_Aim of the exercise_. What you return should be the lines from the one with "100 Watt Power Inverter" through the one with "サステナブル 環境保全 伝統　ウナギ" in the data below, reproduced exactly with both ends, and no pictures at all.
── Records provided ──
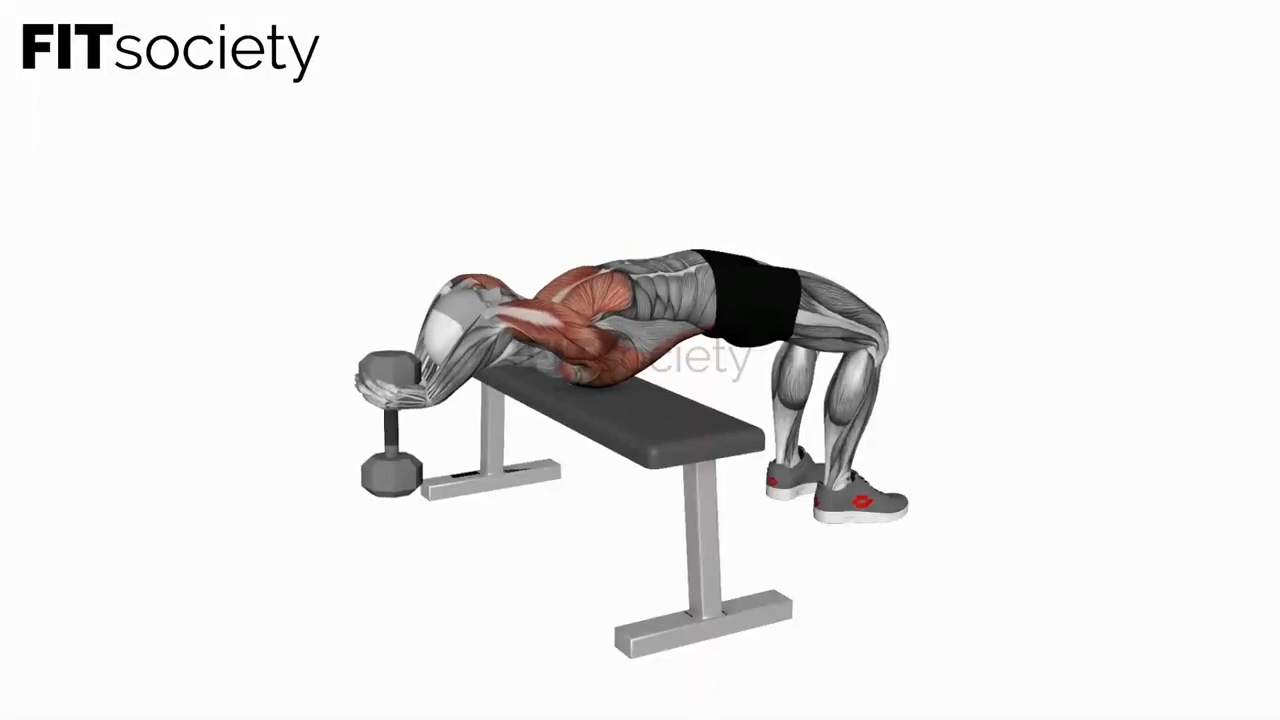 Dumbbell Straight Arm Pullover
───
── Records provided ──
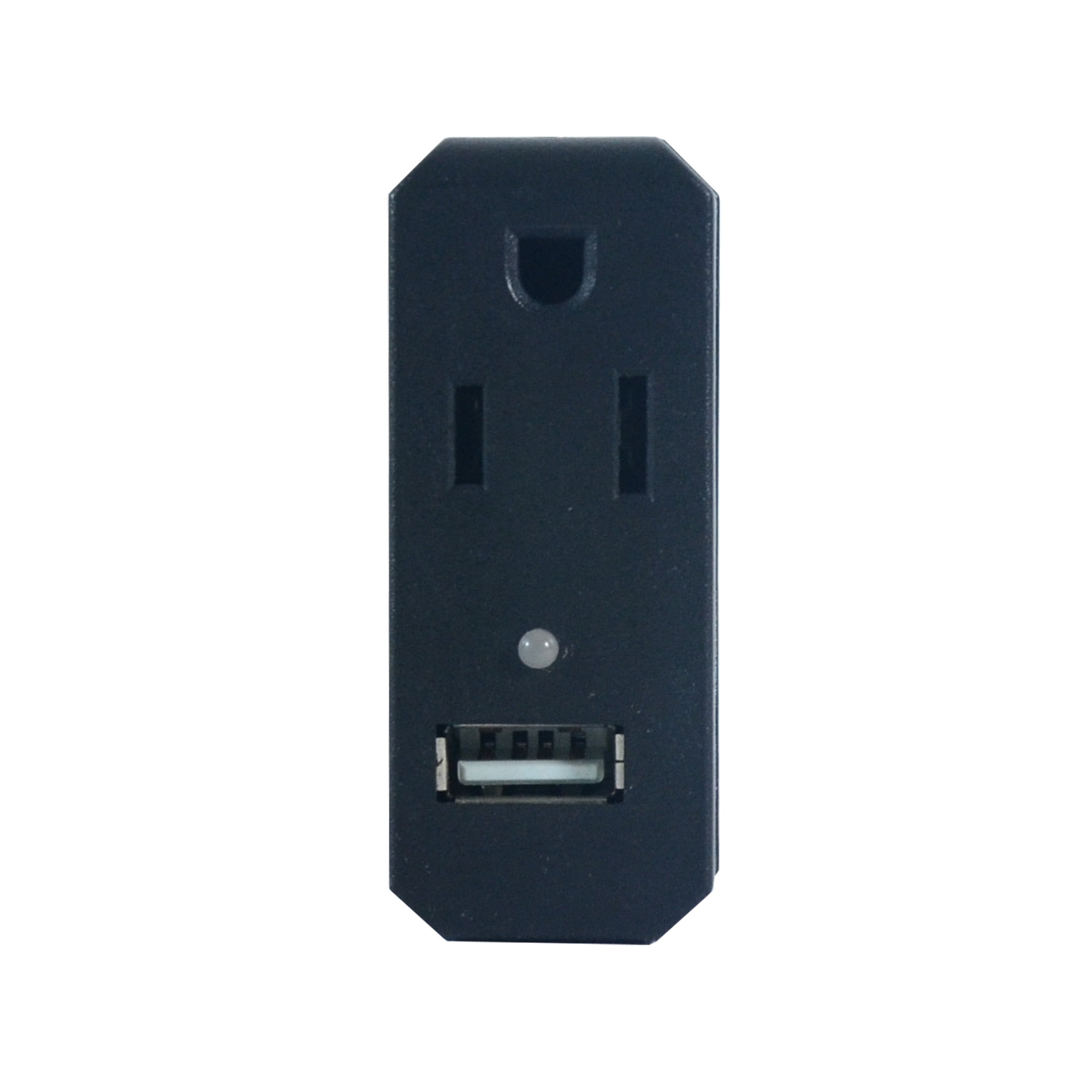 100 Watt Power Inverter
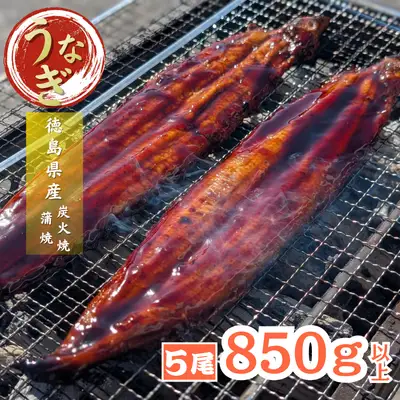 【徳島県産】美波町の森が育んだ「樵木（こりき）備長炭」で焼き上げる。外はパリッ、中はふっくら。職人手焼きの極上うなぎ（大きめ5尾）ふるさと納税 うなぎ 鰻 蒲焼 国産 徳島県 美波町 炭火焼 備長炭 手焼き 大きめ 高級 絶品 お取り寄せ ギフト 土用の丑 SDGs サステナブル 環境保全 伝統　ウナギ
───
_Task answer_.
 100 Watt Power Inverter
 【徳島県産】美波町の森が育んだ「樵木（こりき）備長炭」で焼き上げる。外はパリッ、中はふっくら。職人手焼きの極上うなぎ（大きめ5尾）ふるさと納税 うなぎ 鰻 蒲焼 国産 徳島県 美波町 炭火焼 備長炭 手焼き 大きめ 高級 絶品 お取り寄せ ギフト 土用の丑 SDGs サステナブル 環境保全 伝統　ウナギ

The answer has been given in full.